Definition
Bank control is the management of the airplane's rotation about its longitudinal axis (the line running from nose to tail) by use of the ailerons to establish or maintain a desired angle of bank relative to the horizon.
Plain English
It is how the pilot tilts the wings left or right, and holds them at the angle they want, by moving the control wheel or stick sideways.
Context Anchor
Used in attitude flying when a pilot is learning to control the airplane by reference to the horizon and flight instruments.
Derivation
Bank' comes from the older sense of a sloped or tilted surface — the same root as the bank of a road or racetrack that leans into a curve. An airplane in a turn does the same thing: it leans into the turn. 'Control' here means active management, not just the physical control surface.
Why Pilots Care
Accurate bank control produces coordinated turns, prevents slips or skids, and keeps altitude and airspeed stable.
Intuition Check
Bank does not mean a financial bank here. It means the airplane’s wings are tilted sideways compared with the horizon.

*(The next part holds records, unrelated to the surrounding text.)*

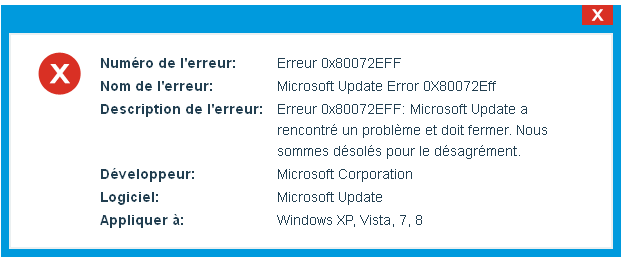 Microsoft Update Erreur 0x80072EFF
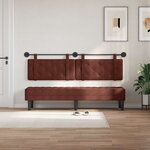 vidaXL Tête de lit suspendue Avec lumière LED Brun Brillant PU antique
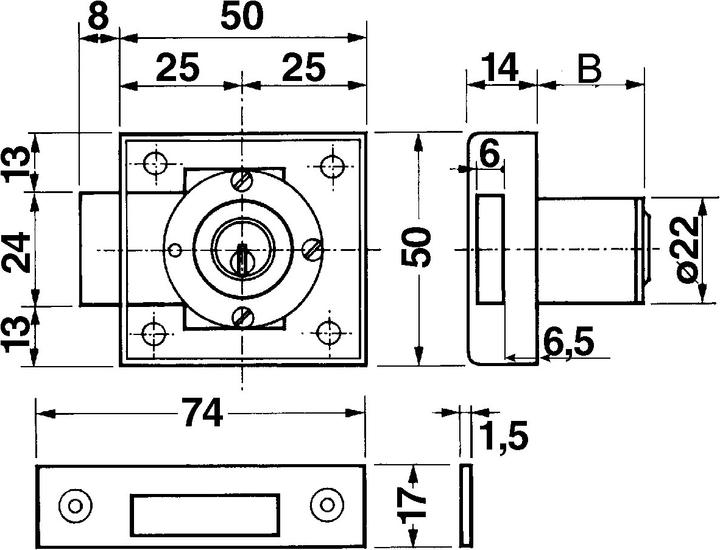 Image du produit Kaba Serrures à pêne dormant à visser Type 1074 sans clé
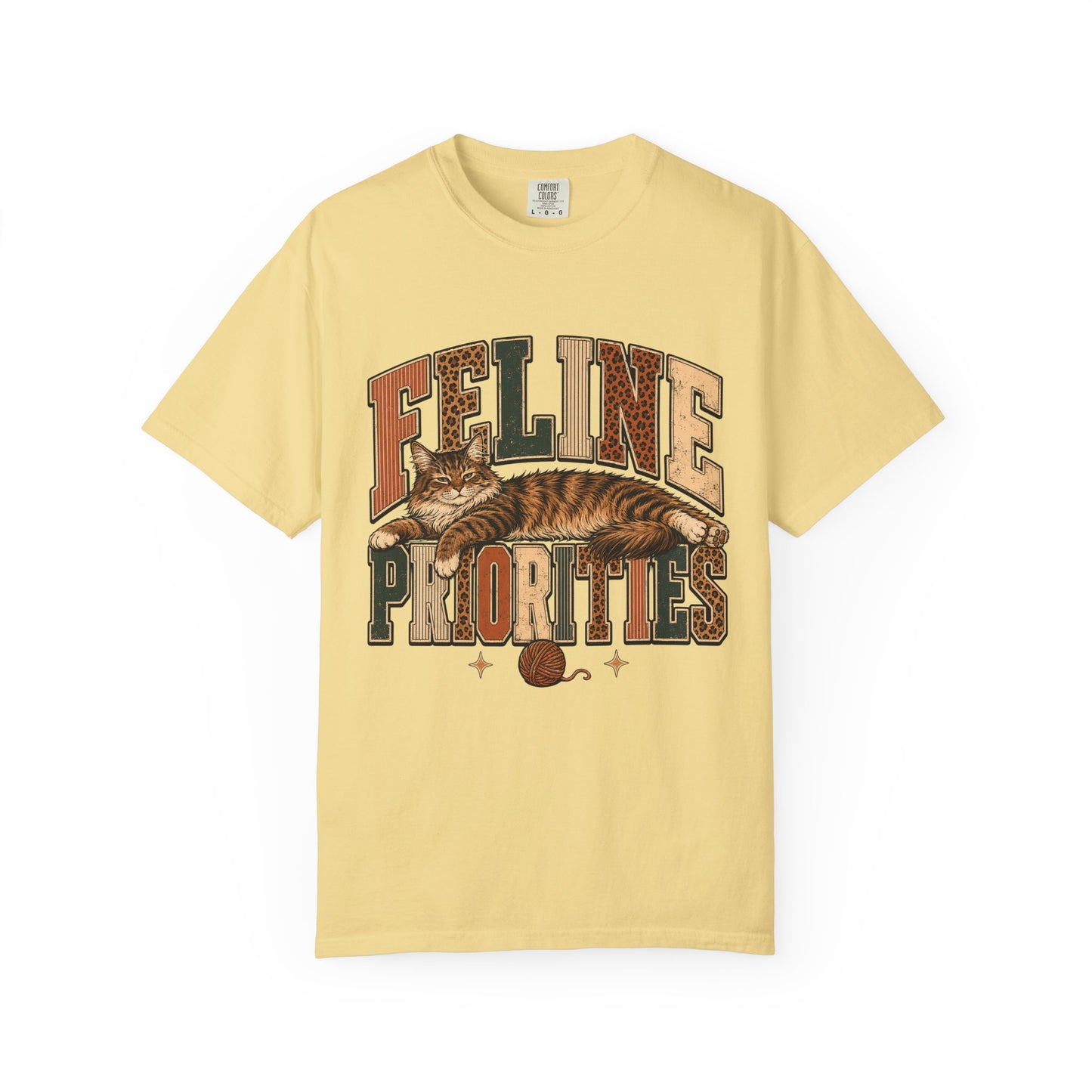 Feline Priorities T-Shirt — Vintage Cat Graphic Tee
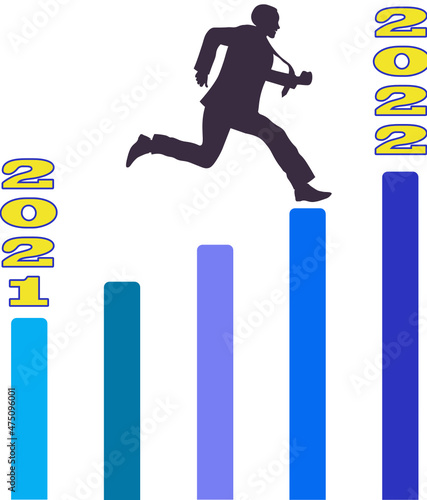 2022 . nuevo año laboral. hombre de traje subiendo un grafico de barras para alcanzar el 2022 en la cima, fondo transparente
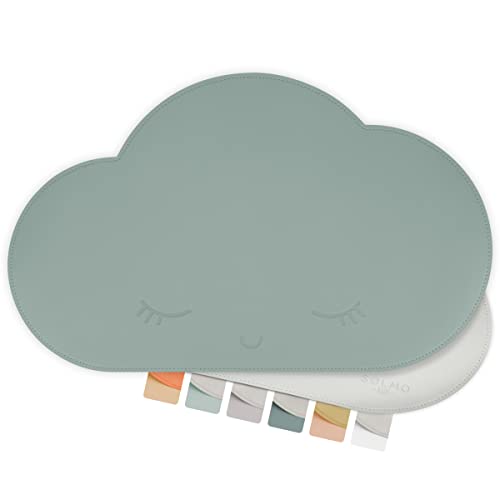 sølmo I Wolke Platzdeckchen für Kinder, 44cm x 0.2cm x 27cm Platzset abwischbar, Leder Design PU - BPA Frei, abwaschbar I Tischset, Platzsets (Petrol/Grey) von Sölmo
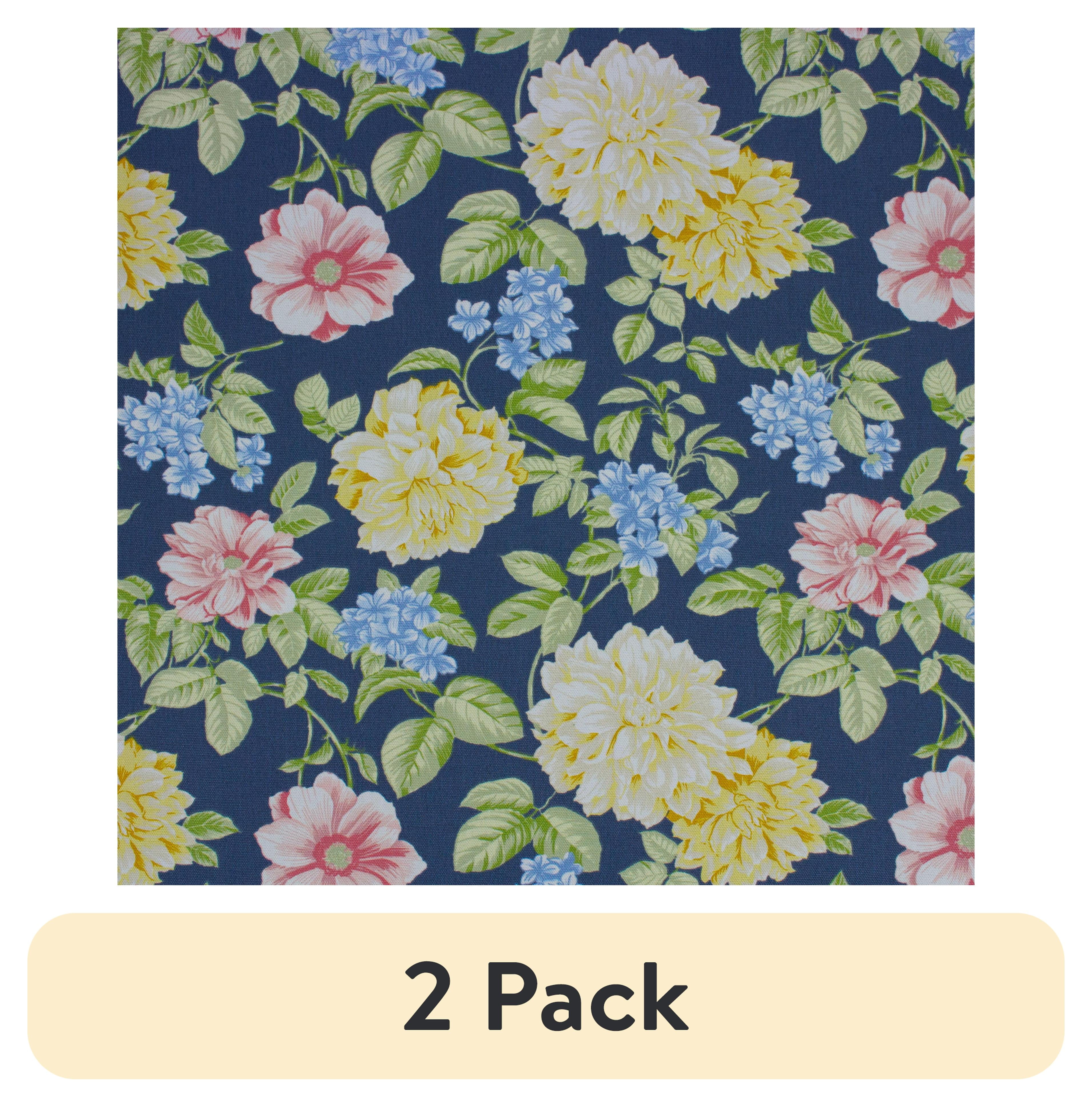 (2 pack) Better Homes & Gardens 100% Cotton Flower Garden Blue, 2 Yard Precut Fabric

Control does not mean forcing the airplane; it means setting and holding the desired tilt with smooth pilot input.
Example Sentence 1
The instructor demonstrated bank control by rolling smoothly into a 30-degree left turn and holding the bank steady on the horizon.
Example Sentence 2
Small corrections with bank control helped maintain heading during straight-and-level flight without changing pitch.